The claustrophobic atmosphere of the chamber was instantly forgotten as they dove out into the crisp evening air, the mountain collapsing on itself almost immediately afterwards. And as the two scurried into the recesses of the undergrowth, only the dull roar of the failing protrusion was heard. That, and the distant echoes of a bloodcurdling scream from beyond.

 

Epilogue:
A Job Well Done

“From the log of Guybrush Threepwood. A Saturday, if I’m not mistaken………

 

Here I am back on beautiful Chubb. Who’d have thought that such an insignificant chain of events would have led to the ultimate demise of the infernal cacodemon LeChuck? Not even my perceptive significant other could have predicted that the so-called Sanitation Commissioner was a henchman of our worst enemy, but now I know she’ll think twice before dismissing my feeble ramblings as poppycock. Once again, the Caribbean is safe from the treacherous threat of the Undead; LeChuck has been banished to the nether regions for all eternity, where he’ll have to face the cruel reality of Elaine’s rejection without the ability to return and do anything about it. My peculiar tale has finally reached its almighty conclusion. It’s safe to say that I, Guybrush Threepwood, really am a mighty Pirate. I mean, seriously. For real. I genuinely doubt any other Pirate has such an impressive lineage of adventures under their belt.
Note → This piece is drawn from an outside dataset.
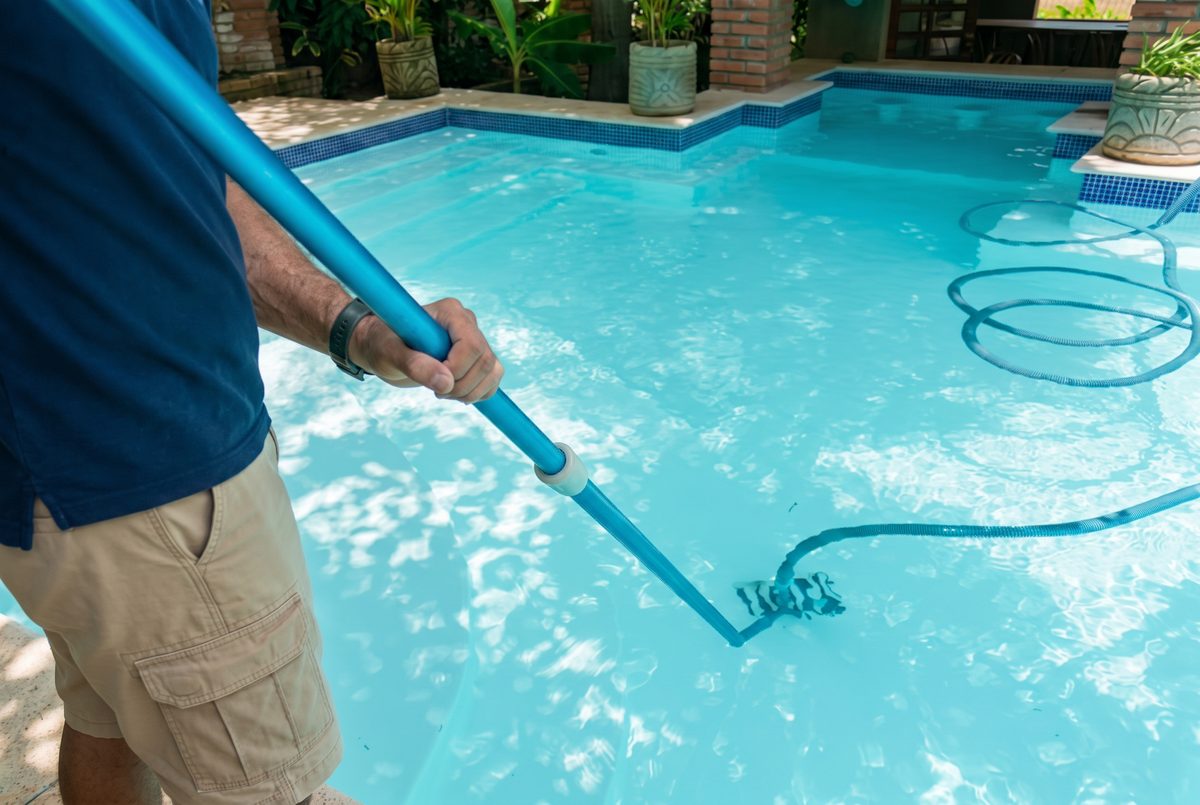 Aspiração do fundo da piscina na manutenção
And if they do, so help me - -”

 

“Guybrush,” Elaine sighed from the deck chair beside him, “Are you nearly finished with that log of yours?”

 

“Just a second, honey!” he replied.

 

“And now, as the sun sets on my time as a novice, I can safely say that I’ll go down in Caribbean history as the Legend of Monkey Island, the Swashbuckling Rogue who for almost five consecutive years has rescued the unassuming buccaneers of the seven seas from death and dismemberment. Though I look back on my adventure-riddled days with a fond sadness, I look forward to the future with zest and vigour, for truly I have satisfied my Youthful ambition.”

 

“Elaine,” he beamed as the first signs of dawn peered tentatively over the horizon, “My journal is finally complete. An absolute chorographical record of all of my misadventures, retold with no small amount of poetic flair and exaggeration.”

 

“I’m very proud of you, Guybrush,” she smiled, leaning over for a warm kiss. “I’ll be right back, that snooty waiter forgot my complimentary beverage parasol.”

 

He dreamily watched her saunter away in her denim midriff top and flowing sarong tied loosely around her surprisingly curvaceous waist. With a satisfied sigh, he placed his hands behind his head and gazed up at the lavender sky, the thick wisps of cloud retreating to the south as the sun rose ever higher.

 

“Well, Timmy,” he chuckled to his primate companion, “I think it’s safe to say we’ve both learnt an important lesson over these last couple of weeks, am I right?”

 

“Ook-ook-ah?” The monkey asked.

 

“Never underestimate the life-saving properties of new Grog Twist.”

 

And with that, he took a hearty swig from his hollowed coconut, before passing out to the gentle melody of the tide.